## Support #351

### longitudinal vs. cross-sectional weights

100%

**Description**

Hello,

I have been doing analysis on the impact of parental employment (measured with the retrospective question) on individuals' labour market outcomes. So far, I have used Wave 3 only, and I have used the other waves to replace missing data in Wave 3, such as age, gender, ethnicity, parental information, etc. I have been using therefore a cross-sectional weight:

svyset c_psu [pweight = c_indinub_xw], strata (c_strata) singleunit(centered)

With this weight I have done all my descriptive tables and my regression models so far. Now, I would like to add to my regression models a variable that measures employment status of the individual in Wave 2, since I am planning to start looking at transitions into and out of employment. Also, I would like to make crosstabs with this variable as well. This means, I believe, that I need to start using longitudinal weights. But how do I do that?

1) Descriptive tables: Should all my tables use the longitudinal weight? Or should I use it only when I am studying, for example, employment status in two different waves? (i.e if I make a table that relates employment in Wave 3 with parental background, should this table also have a longitudinal weight, even if I am not studying transitions?)

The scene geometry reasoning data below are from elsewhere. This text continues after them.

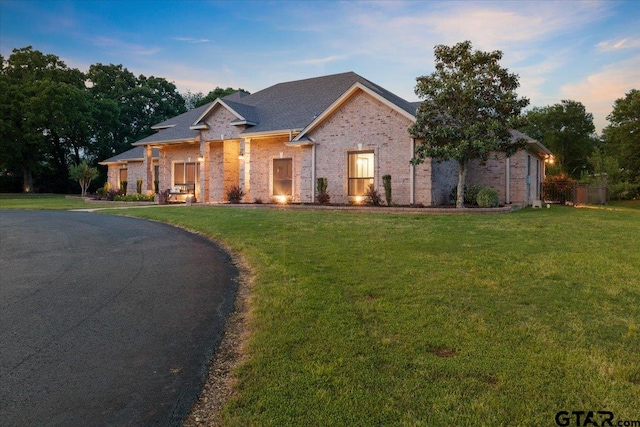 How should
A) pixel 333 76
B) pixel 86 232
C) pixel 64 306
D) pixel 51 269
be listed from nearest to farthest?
1. pixel 64 306
2. pixel 51 269
3. pixel 86 232
4. pixel 333 76

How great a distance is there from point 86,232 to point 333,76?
1961 centimetres

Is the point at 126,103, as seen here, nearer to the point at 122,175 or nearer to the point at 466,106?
the point at 122,175

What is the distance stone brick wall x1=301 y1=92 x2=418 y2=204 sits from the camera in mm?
19078

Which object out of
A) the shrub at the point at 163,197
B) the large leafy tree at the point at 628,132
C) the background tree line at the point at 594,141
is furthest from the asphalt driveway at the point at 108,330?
the large leafy tree at the point at 628,132

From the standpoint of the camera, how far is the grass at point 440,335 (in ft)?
9.45

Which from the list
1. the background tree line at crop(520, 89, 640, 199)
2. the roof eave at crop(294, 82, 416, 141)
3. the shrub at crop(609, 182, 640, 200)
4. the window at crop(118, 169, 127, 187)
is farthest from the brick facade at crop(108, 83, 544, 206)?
the shrub at crop(609, 182, 640, 200)

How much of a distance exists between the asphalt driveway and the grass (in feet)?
2.05

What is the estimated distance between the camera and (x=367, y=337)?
4.11 metres

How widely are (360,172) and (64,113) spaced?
39421mm

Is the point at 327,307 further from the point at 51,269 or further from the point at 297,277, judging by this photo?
the point at 51,269

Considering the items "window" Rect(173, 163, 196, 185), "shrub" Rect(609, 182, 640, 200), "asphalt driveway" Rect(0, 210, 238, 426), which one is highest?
"window" Rect(173, 163, 196, 185)

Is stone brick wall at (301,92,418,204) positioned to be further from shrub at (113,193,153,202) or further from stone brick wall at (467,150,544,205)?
shrub at (113,193,153,202)

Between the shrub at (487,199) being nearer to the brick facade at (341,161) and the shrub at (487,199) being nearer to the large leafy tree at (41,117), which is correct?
the brick facade at (341,161)

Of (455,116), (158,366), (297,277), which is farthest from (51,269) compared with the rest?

2) Regression tables: Imagine that I make two regression models, where I estimate the probability of employment by age, gender and parental background; and a second one where I also add employment in t-1 as control variable. In the first model there are no changes over time, while in the second there are. Should I still use the longitudinal weight for both?

Of course, changing the svyset all the time does not seem like the logic solution here, so I assume I will just stick to one. I just want to understand the implications of using one or another weight.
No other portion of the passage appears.